> Task item:
Can you print the data exactly and leave out each image?

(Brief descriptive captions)
============================================================

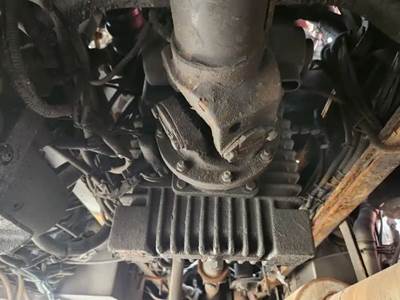 (Used) 2001 E-One Fire Truck, Transfer Case Assembly- Serial Number: 123847,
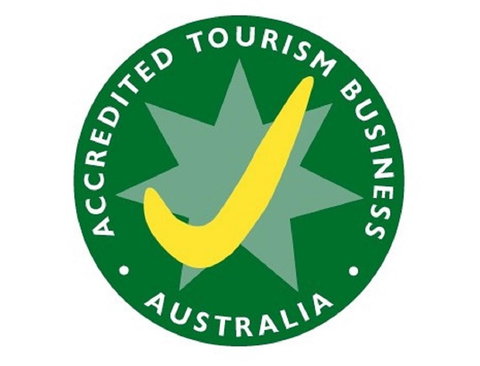 Coorong Waterfront Retreat - QLD Tourism 35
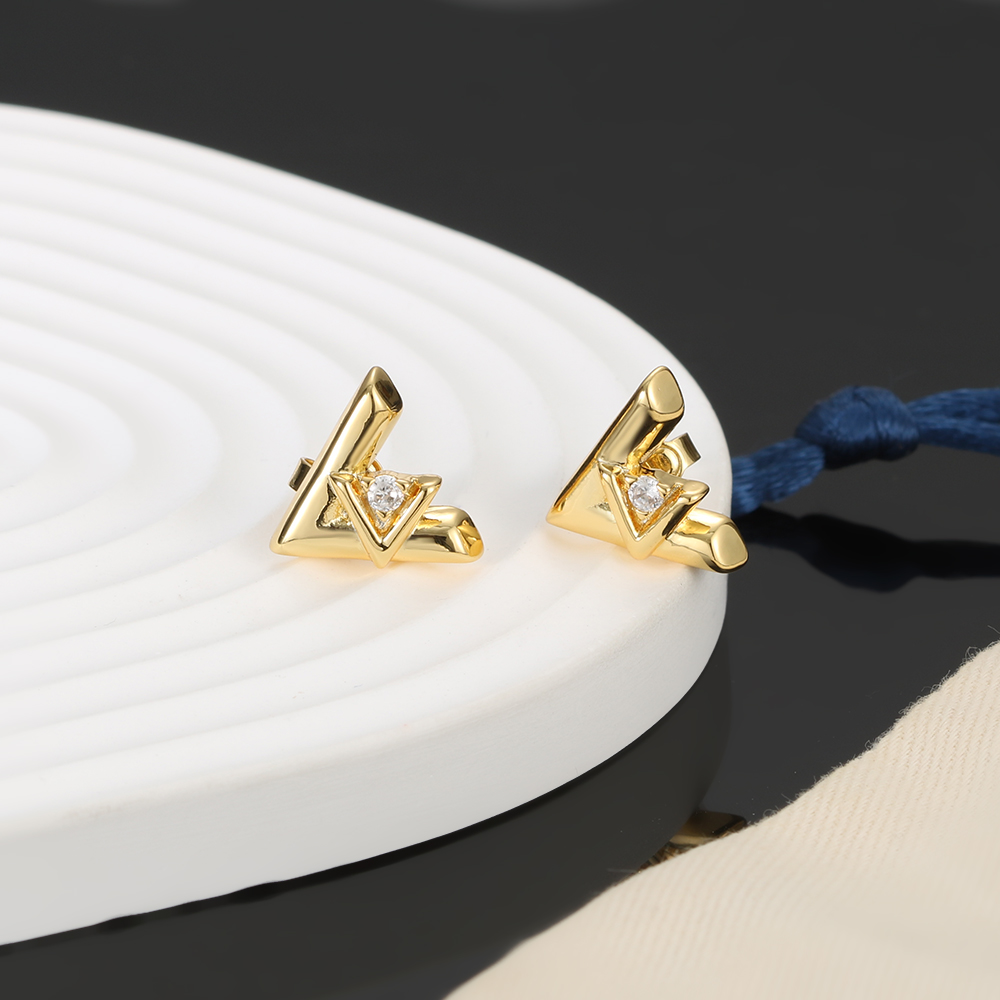 Is it OK to buy
 Louis Vuitton Jewelry Earring Yellow Unisex Brass Vintage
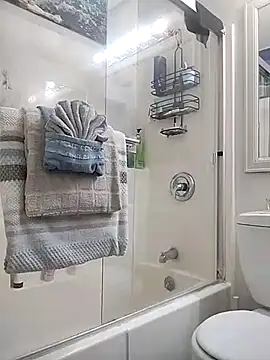 DatingProfile USA 43 str8 online show from February 25, 6:12 pm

============================================================

> Answer area:
 (Used) 2001 E-One Fire Truck, Transfer Case Assembly- Serial Number: 123847,
 Coorong Waterfront Retreat - QLD Tourism 35
 Is it OK to buy
 Louis Vuitton Jewelry Earring Yellow Unisex Brass Vintage
 DatingProfile USA 43 str8 online show from February 25, 6:12 pm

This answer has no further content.